FARMINGTON – Western Maine Community Action continued their effort to improve communication between municipalities and their organization at last night’s selectman meeting, as they look for new ideas and share information before the start of the cold season. With high energy prices driving up the price of heating oil, WMCA and others are worried that this winter could be a bad one for many Maine families.
“This year, we’re going to be looking at some people in trouble,” said Paul Brown, who serves on the WMCA board of directors.
WMCA serves roughly 2,500 customers in Franklin County, with program eligibility being determined by income. According to Judy Frost, who administers WMCA’s housing energy resources, that aid translates into more than $1.5 million of fuel assistance. Last winter, $317,000 was used to heat 448 homes in Farmington alone. Unfortunately, cuts in the WMCA’s federal and state money has caused shortages in places where additional funding will likely be needed this winter.
Little action is occurring in Augusta or Washington. According to state Sen. Walter Gooley (R – Farmington), there is some discussion in holding a special session to review possible solutions, but he was not certain any meaningful initiative would arise out of such a session. The Maine congressional representatives are also looking into possible options.
“Locally, things have got to come together,” Gooley said, noting that even doubling the amount of federal funding for the Low Income Housing Energy Assistance Program would be insufficient to meet projected needs. He said that collaboration between WMCA, municipalities, churches and other organizations is going to be crucial.
LIHEAP was able to provide $415 per needy person in Maine last year. This year, that amount of money is expected to purchase less than 100 gallons of heating oil, if the same number of people apply. However, WMCA believes far more will. WMCA also administers the Operation Keep ME Warm, a private and public collaboration, as well as the distribution for smaller charity organizations, such as local churches.
Selectmen had some thoughts of their own. Selectman and Sheriff Dennis Pike said that his agency received several 911 calls last year from people without the means to heat their homes. He wondered if there was a better way to relay that information to WCMA for further assistance. He also suggested that if WMCA had knowledge of people in need of assistance, they could tell the Sheriff’s Department, which typically checks in on at-risk people in the smaller towns.
Selectman Jon Bubier noted that there was a disconnect between the heating assistance programs, which give money to residents, and landlords trying to cope with the rising cost of fuel. He said that he had lost money on one of his buildings last winter, and was considering switching some of his apartments to not including the cost of heat with the rent.

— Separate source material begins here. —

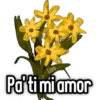 🌻Flores Amarillas🌻 11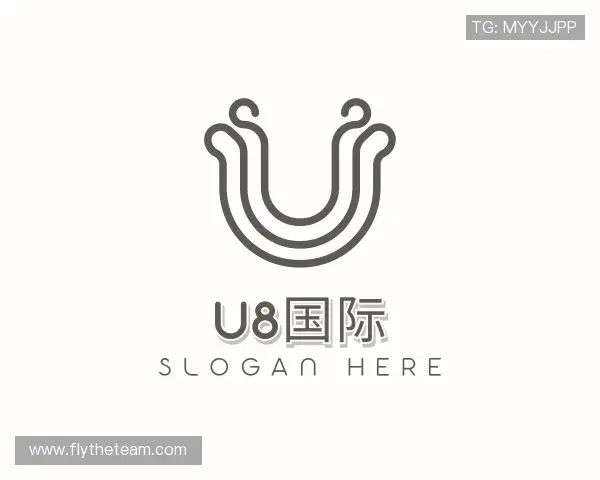 了解U8国际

According to the LIHEAP data available through WMCA, 18 percent of the households receiving assistance live in apartments.
Selectman Nancy Porter was concerned that some people, particularly the older generation, would not seek assistance.
“My concern is for the older people who have to much pride to ask,” she said.
Town Manager Richard Davis noted that the town can offer a General Assistance account, and would not turn anyone in dire need of assistance away. The town is actually allowed to overdraw that account if need be, half of which is reimbursed by the state.